═══ Supplied information

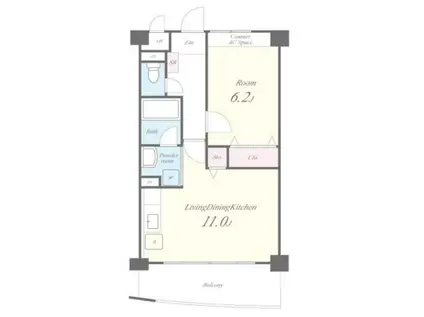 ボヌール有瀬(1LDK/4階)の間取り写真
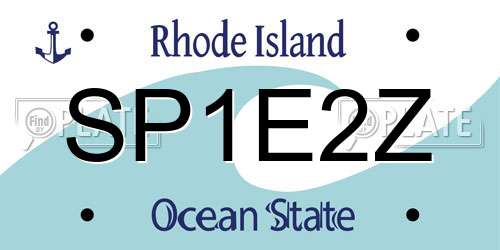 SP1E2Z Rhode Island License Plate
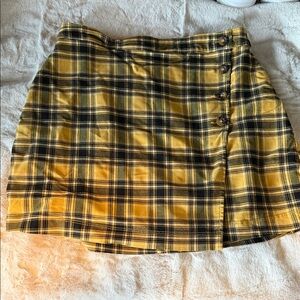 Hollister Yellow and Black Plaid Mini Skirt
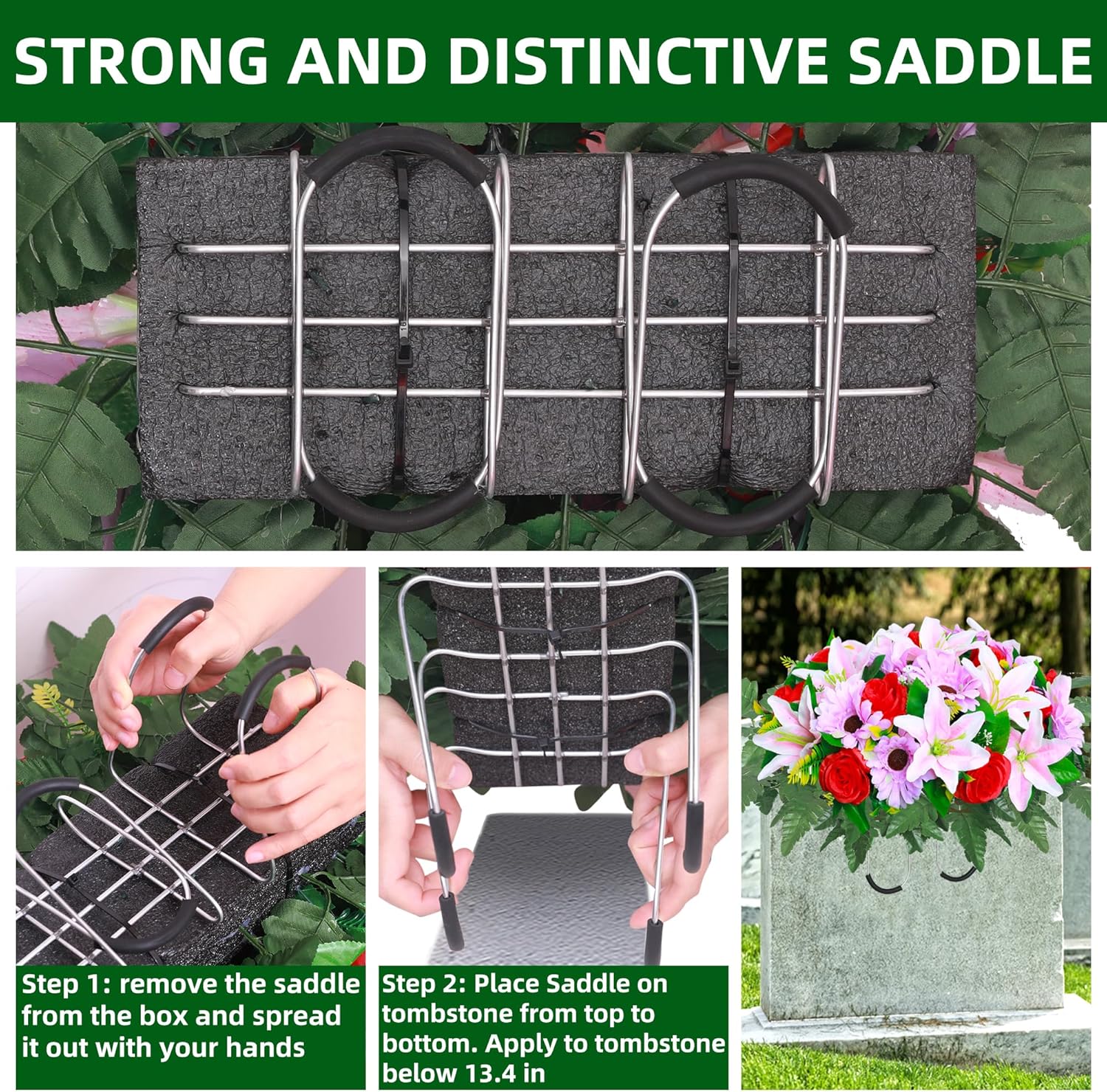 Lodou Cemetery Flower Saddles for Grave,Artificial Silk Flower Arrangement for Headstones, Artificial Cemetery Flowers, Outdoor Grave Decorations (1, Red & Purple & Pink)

══════
═══ Supplied information

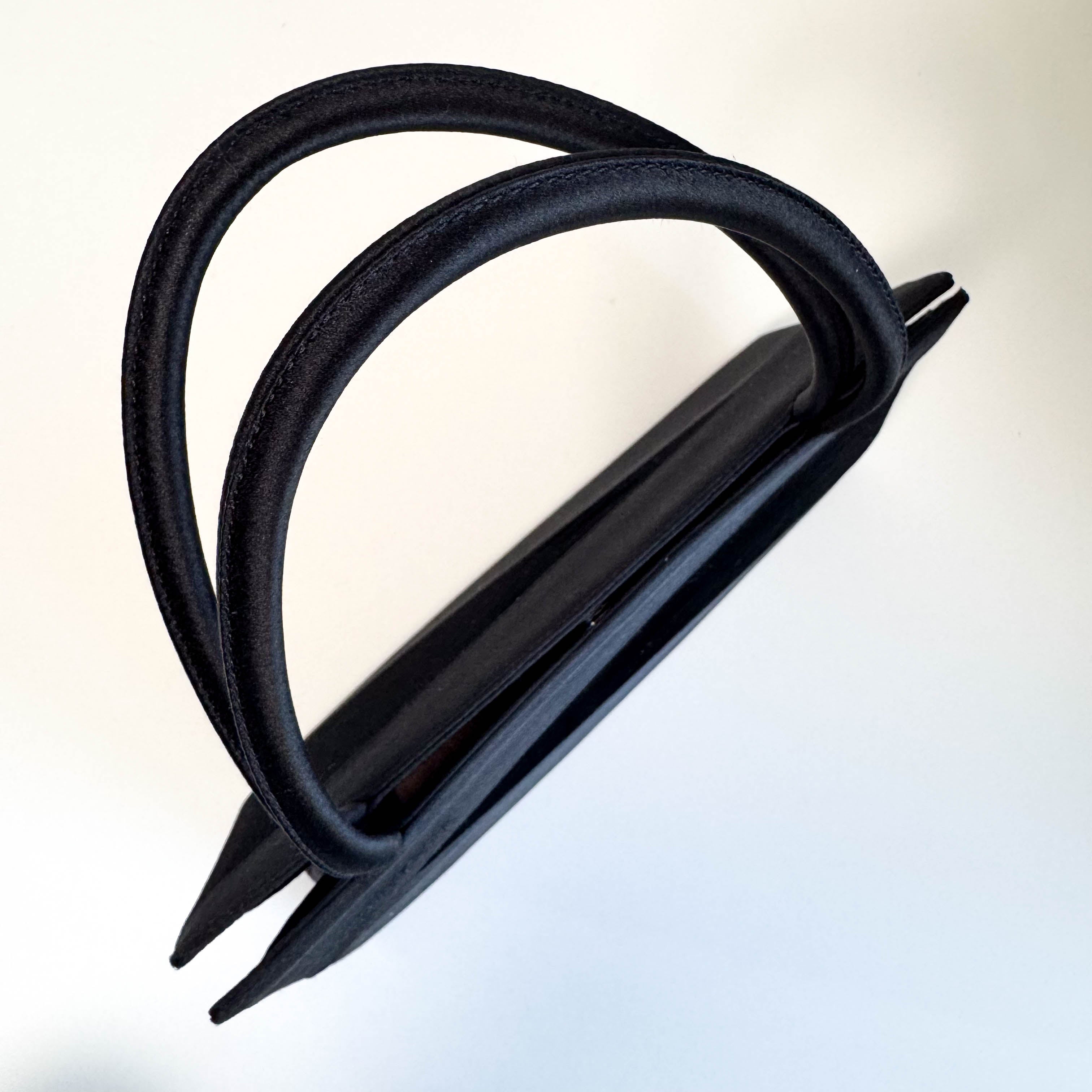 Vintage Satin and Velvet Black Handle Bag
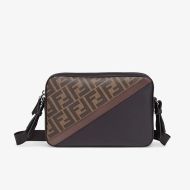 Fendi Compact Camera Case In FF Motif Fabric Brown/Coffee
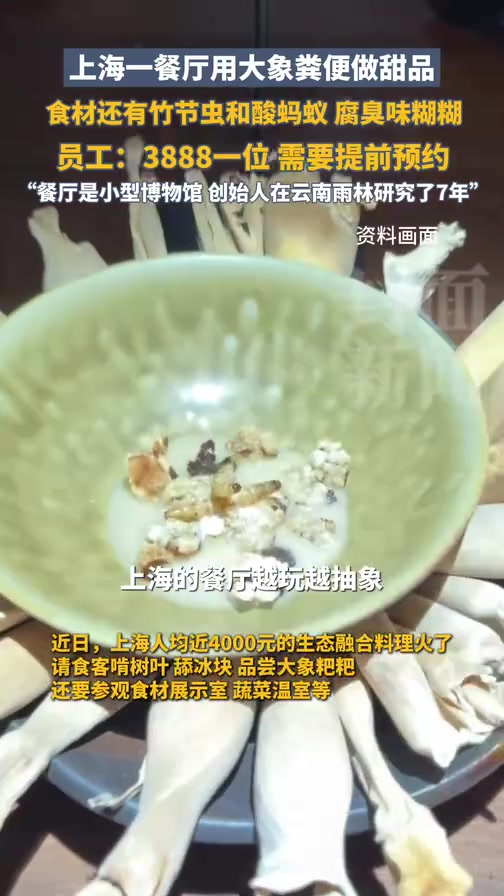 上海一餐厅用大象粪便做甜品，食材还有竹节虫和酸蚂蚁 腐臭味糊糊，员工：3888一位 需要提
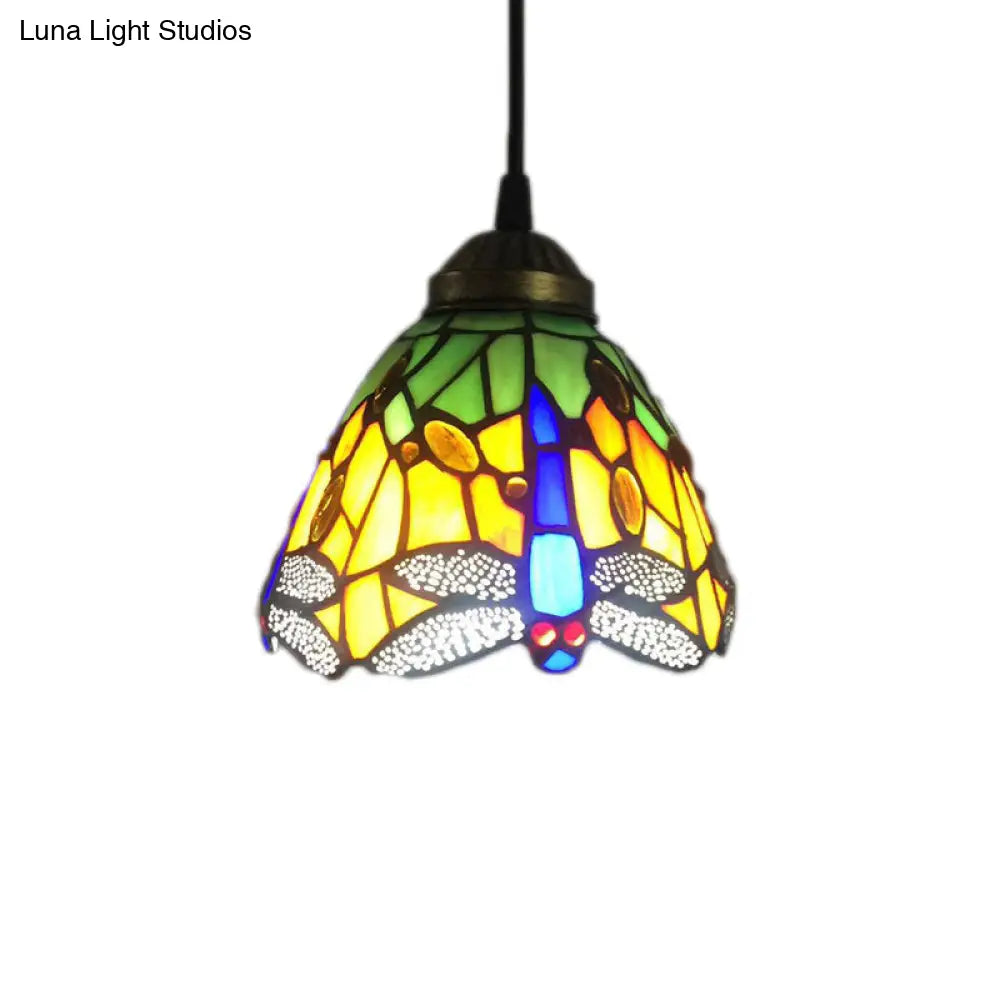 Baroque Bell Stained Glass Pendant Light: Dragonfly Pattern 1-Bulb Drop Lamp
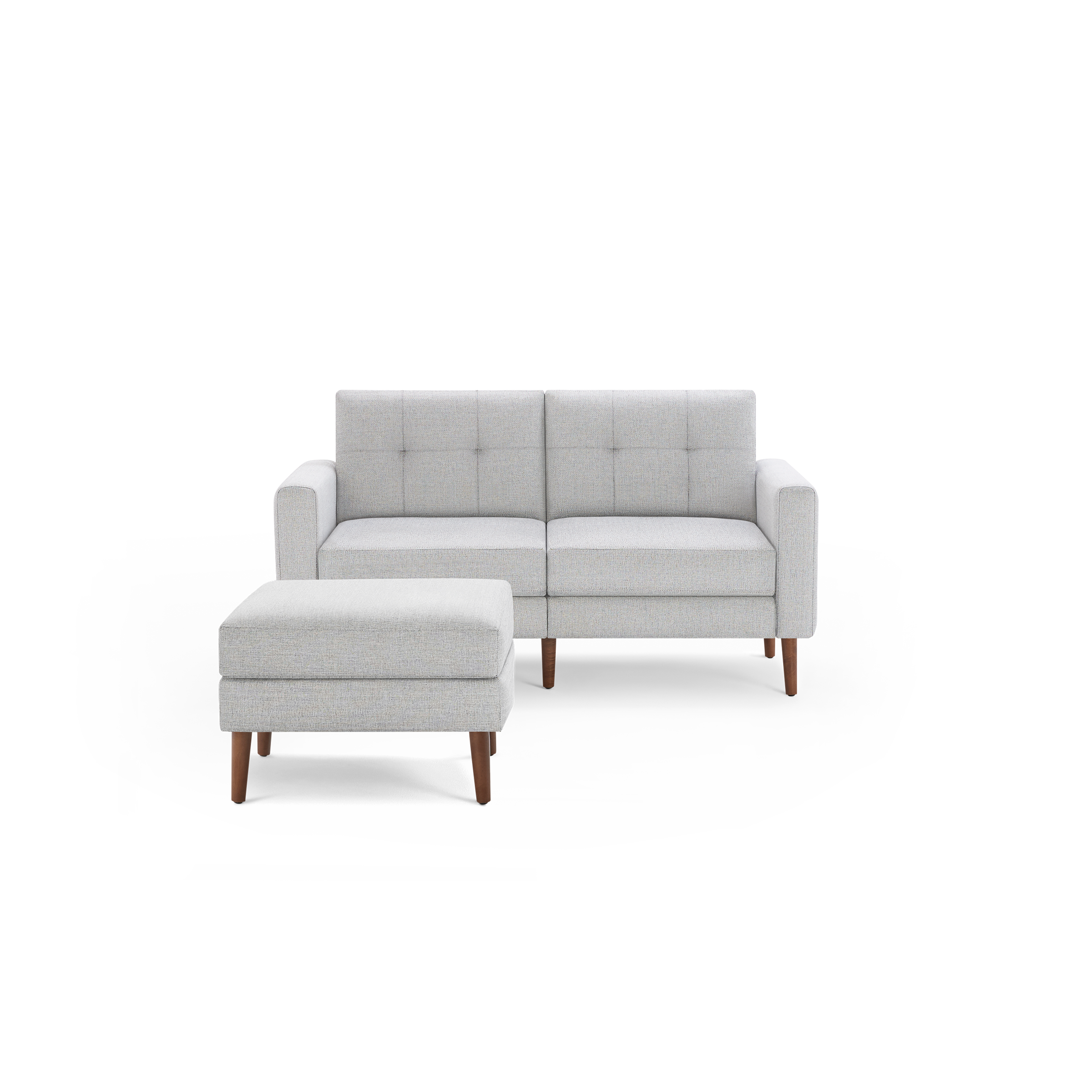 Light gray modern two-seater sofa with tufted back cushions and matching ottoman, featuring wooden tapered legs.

══════
═══ Supplied information

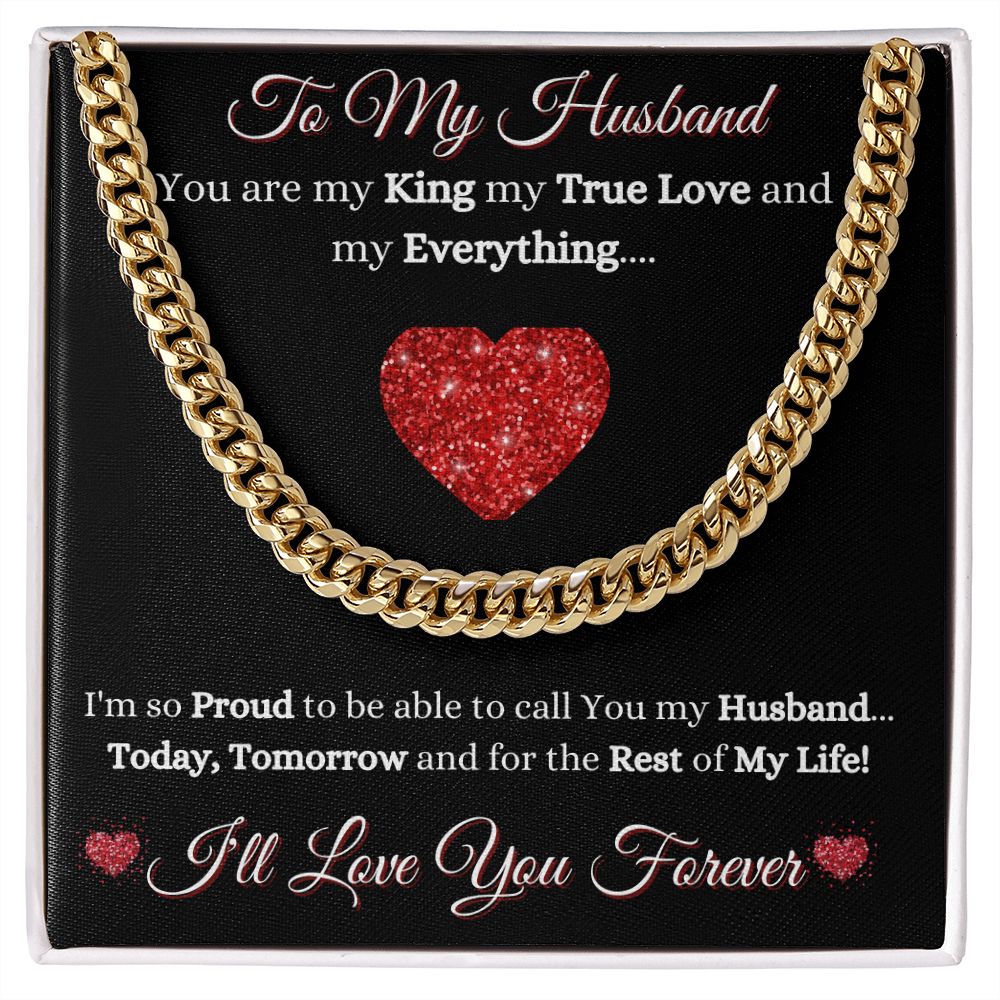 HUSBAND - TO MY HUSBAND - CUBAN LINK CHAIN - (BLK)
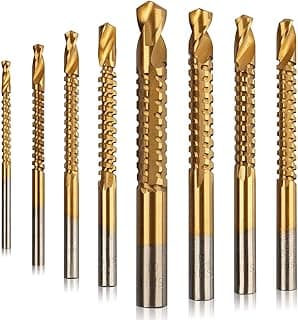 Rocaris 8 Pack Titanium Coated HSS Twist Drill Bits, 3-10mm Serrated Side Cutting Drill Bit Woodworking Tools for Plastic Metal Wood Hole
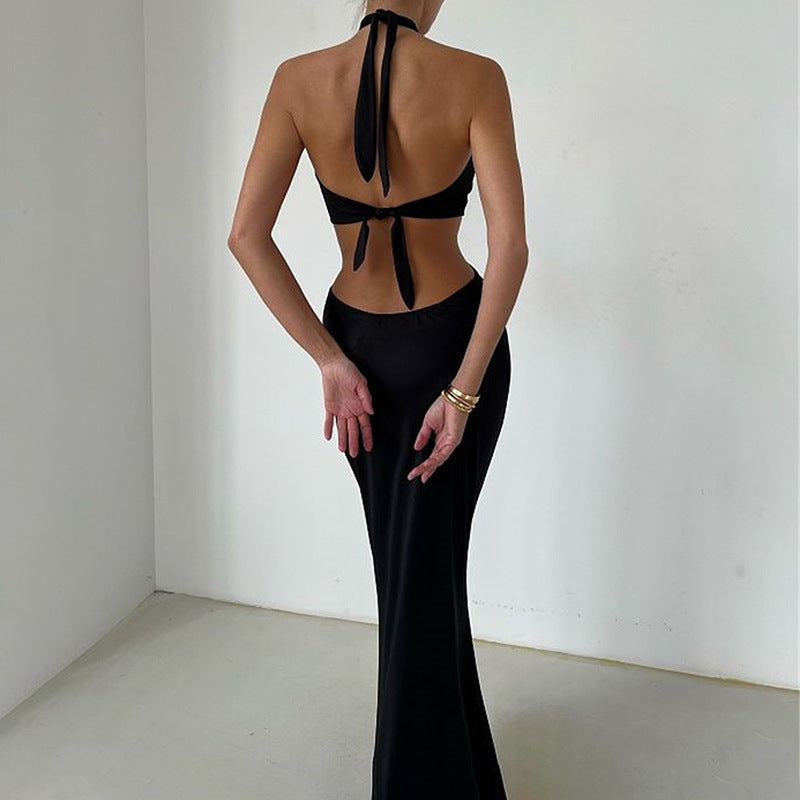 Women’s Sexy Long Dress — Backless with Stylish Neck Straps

══════

Only the lines above from the one containing "Hollister Yellow and Black Plaid Mini Skirt" through the one containing "Lodou Cemetery Flower" should be returned, verbatim and inclusive, with pictures excluded.

 Hollister Yellow and Black Plaid Mini Skirt
 Lodou Cemetery Flower Saddles for Grave,Artificial Silk Flower Arrangement for Headstones, Artificial Cemetery Flowers, Outdoor Grave Decorations (1, Red & Purple & Pink)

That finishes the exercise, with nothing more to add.